■ **Instructions for the task**
The answer is the line containing "Copyright AiS /" plus every line after it to the end of the material, retyped exactly and without the pictures.

■ **Dataset records**
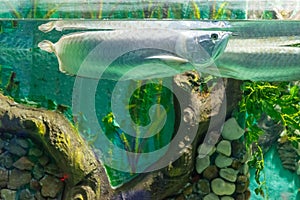 Freshwater bony fish arowana in aquarium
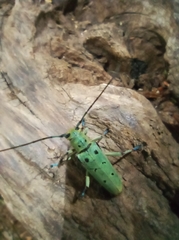 Saperda octopunctata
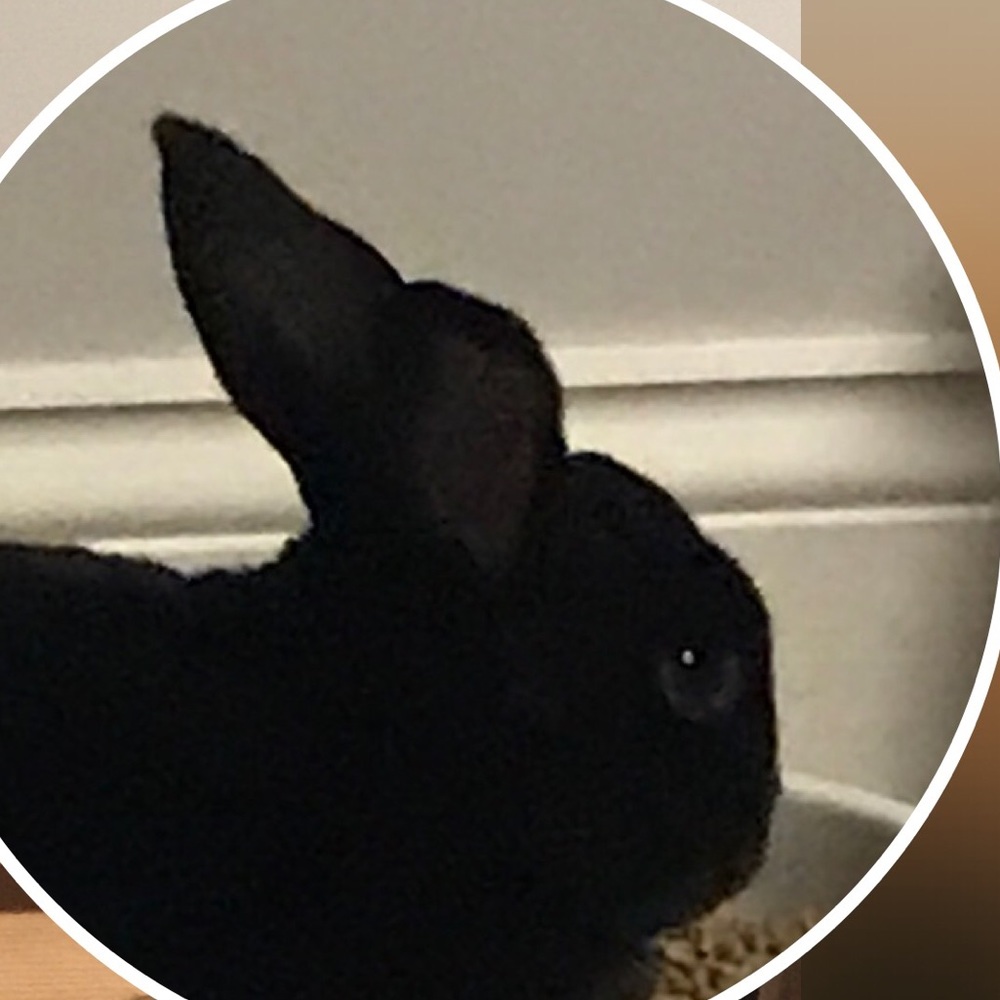 Meet your Posher, Patrick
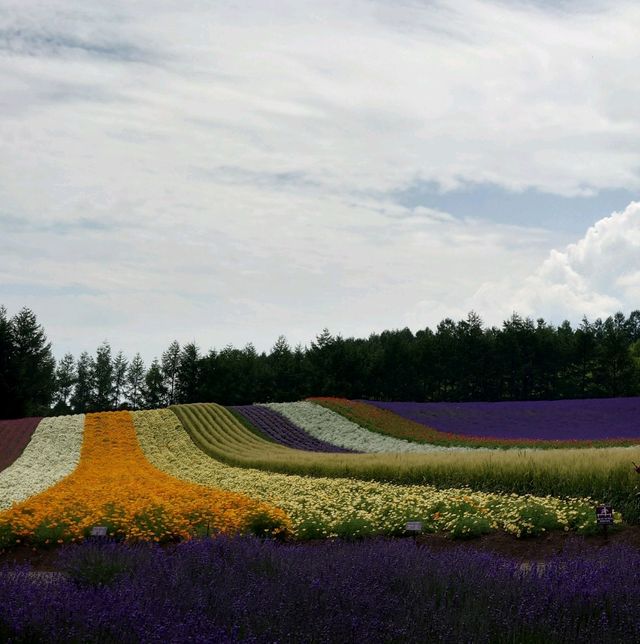 北海道富良野薰衣草園。打卡必去景點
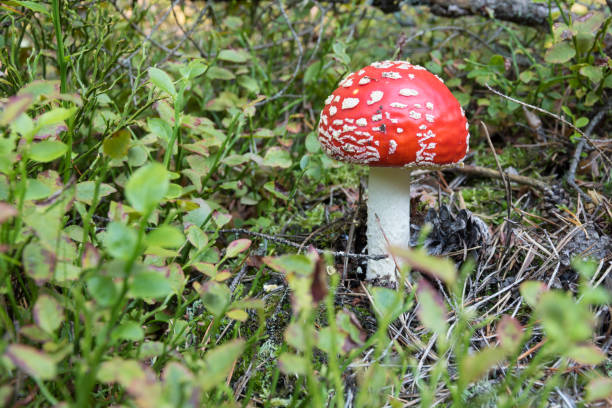 close-up of young red mushroom growing on forest floor, poisonous toadstool fly agaric (amanita muscaria), autumn, europe - mushroom fly agaric mushroom photograph toadstool imagens e fotografias de stock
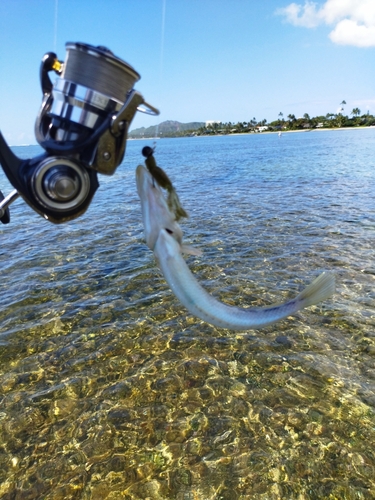 釣果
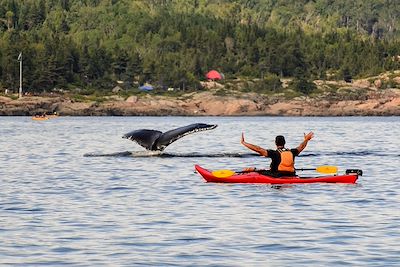 Voyage Forêts, collines, rivières et lacs Canada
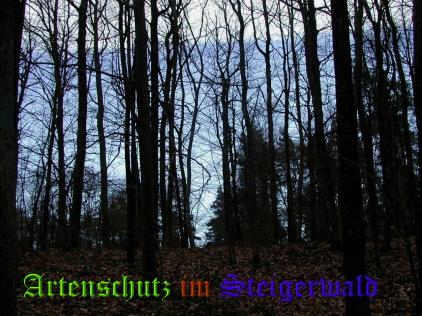 Copyright AiS / 2008 - Albert Meier Bild zum Eintrag (23822-160)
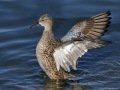 Blue-winged Teal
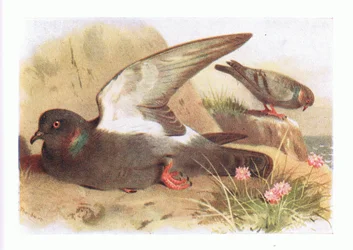 Pigeon biset, de Birds of the British Isles and Their Eggs publié par Frederick Warne & Co Ltd, 1958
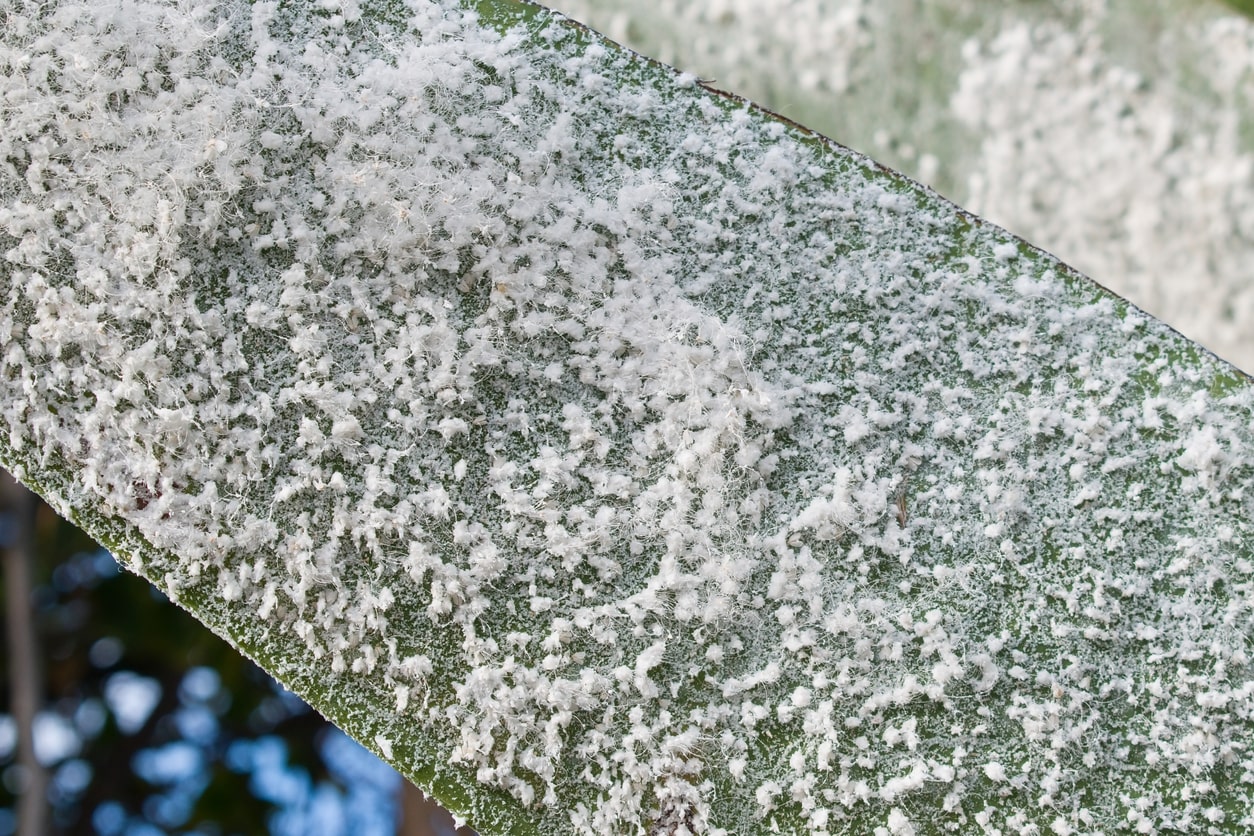 Banana tree leaf massively attacked by colony of Woolly Aple Aphid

■ **Task answer**
 Copyright AiS / 2008 - Albert Meier Bild zum Eintrag (23822-160)
 Blue-winged Teal
 Pigeon biset, de Birds of the British Isles and Their Eggs publié par Frederick Warne & Co Ltd, 1958
 Banana tree leaf massively attacked by colony of Woolly Aple Aphid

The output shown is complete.